Because it's a direct screen capture from Google Trends, and for me, it's pretty clear which are they: CVS, SVN, Hg, Git. Here, I've re-created it for you: https://www.google.com/trends/explore?date=all&q=%2Fm%2F05vq...


Luckily there was a link to the google page where the picture was taken, where you can examine the graph more in detail.

https://www.google.com/trends/explore?date=all&q=%2Fm%2F05vq...


I noticed that too — without a legend, who am I supposed to decipher what each color means?


This is great; I love how Microsoft have become so responsive to community demands and wishes.

Personally, I've used mklink /d for quite some time, in particular to manage game installs. This became necessary once they started hitting the 30-50GB mark; suddenly those 500GB SSDs / NVMEs didn't feel so big anymore! (Not that I have much if any time to play anymore..)


Do you know why you have to do it as Administrator? It seems like mklink shouldn't need special privileges.


The worry was Time Of Check To Time Of Use attacks, but I guess they've decided the balance has changed.

Also you've always been able to make junction points without admin.


Unfortunately I cannot find the link now, but recently I have found a funny article related to these vulnurabilities:

If you set up VPN on Windows 10 Mobile for some reason MS has decided to remove the option to resolve DNS at the far end of the VPN. (AFAIK this was present on WP 8.1)

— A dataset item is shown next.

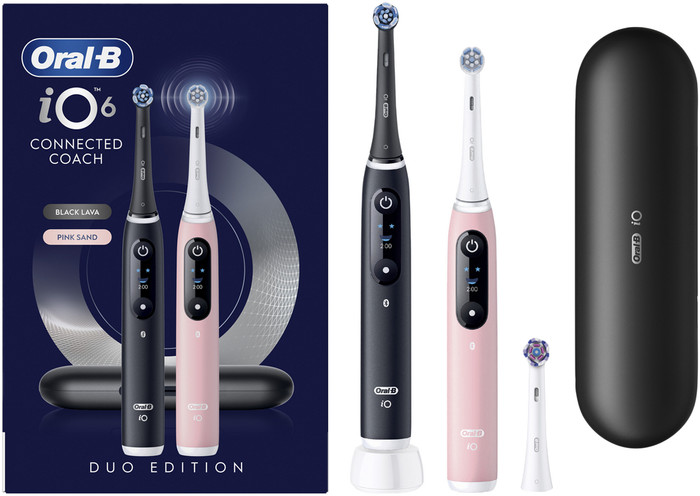 Oral-B iO 6 Zwart en Roze Duo Pack verpakking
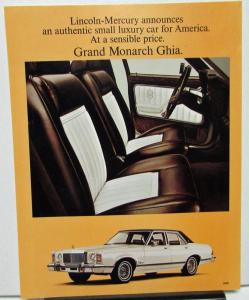 1976-77 Mercury Grand Monarch Ghia Sales Data Sheet Dealer Handout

I have found a guide how to enable it: Create a symlink on an NTFS sd card pointing to a specific location (an ini file which is hidden in Windows 10 Mobile from you), insert the card, open the file in file browser with an editor, and change a setting.


Mklink is also the recommended (safest and easiest) way to deploy JVM patch-releases in a lot of settings.

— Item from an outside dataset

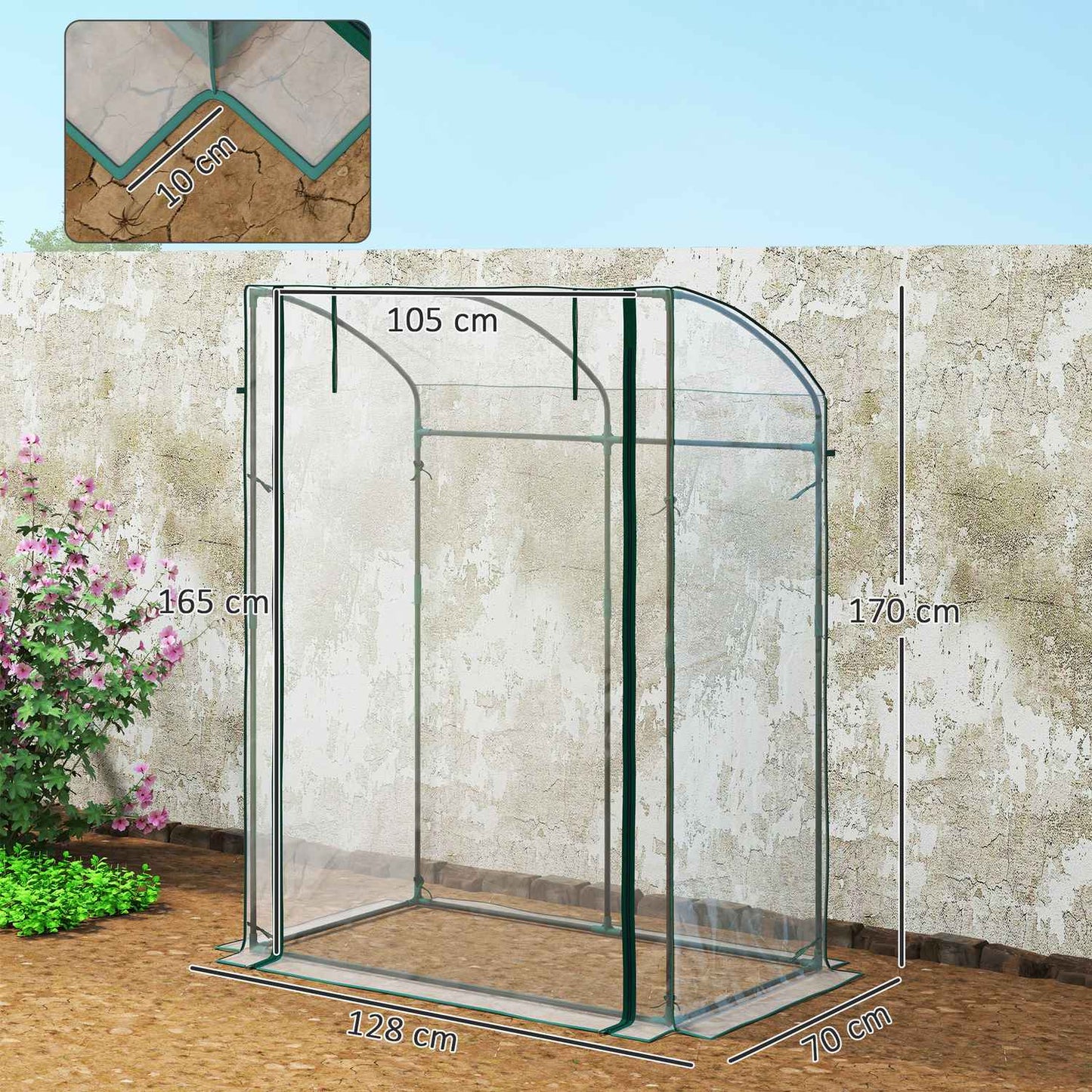 Winterproof Steel greenhouse, Bent roof, 128x70x170cm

Interesting; will read up on that, sounds like something that could be useful elsewhere also.

Just got a new preconfigured laptop which was almost full on system. Small 120gb SSD, but had a 1TB spinner. Found that there was 30GB worth of MSSQL DBs, so being lazy I simply moved the files to D and symlinked the directory. The only gotcha was making sure MSSQL had permissions to the new target folder.


It would be nice if they added this to Powershell. Last time I tried, mklink was only valid in cmd.exe.

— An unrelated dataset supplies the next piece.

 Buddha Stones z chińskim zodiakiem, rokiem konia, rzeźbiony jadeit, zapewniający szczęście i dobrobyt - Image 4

Tbh I don't see the point of this policy change anyway. Developer Mode means it can't be used in Production, so what are we saving exactly? The 0.000001 seconds it takes to launch a console in admin mode, assuming you didn't already disable UAC like most devs do...?


Two options:

    cmd /c mklink ...
    New-Item -Type SymbolicLink -Path symlink -Target target
As for me, I rarely need to symlink files, so directory junctions work just fine, which don't need administrator privileges.


Wow. As a side note, this will also enable real symlinks in cygwin. There is already a setting CYGWIN=winsymlinks:native, but this doesn't work because you needed the rights to create native symlinks, and you usually don't run cygwin elevated.

(Actually, the situation was pretty messed up. There was a group policy that allowed regular (non-admin) users to create symlinks, but this never really worked, since UAC made processed drop a bunch of rights including symlink creation. So you needed a) either an admin account or a regular account, with the policy set, on Win Pro, and b) you needed to request elevation (which is subtly different from Run As Administrator) or disable UAC (which is dangerous and borks Metro apps in Windows >= 8).)

I'm so so glad they fixed this. Next step: Proper GUI for this in Explorer (and also for extended attributes, etc.).


To be fair, the symlink functionality is present in NTFS since XP (though MS never provided a tool to make use of them) and there is a filter driver (Open Source, both 32 bit and 64 bit) by Masatoshi Kimura, see here (search on the page for "driver"):

http://schinagl.priv.at/nt/hardlinkshellext/linkshellextensi...

that provides symlinks on XP and possibly Server 2003 (additionally without any issues with UAC, which is simply not there).


+1 Link Shell Extension is extremely useful!


The problem before was that the symlink creation privilege gets removed by UAC. So, if you gave the privilege to a non-admin user they could use it, but an admin user would always require UAC elevation to create symlinks. https://stackoverflow.com/questions/15320550/why-is-secreate...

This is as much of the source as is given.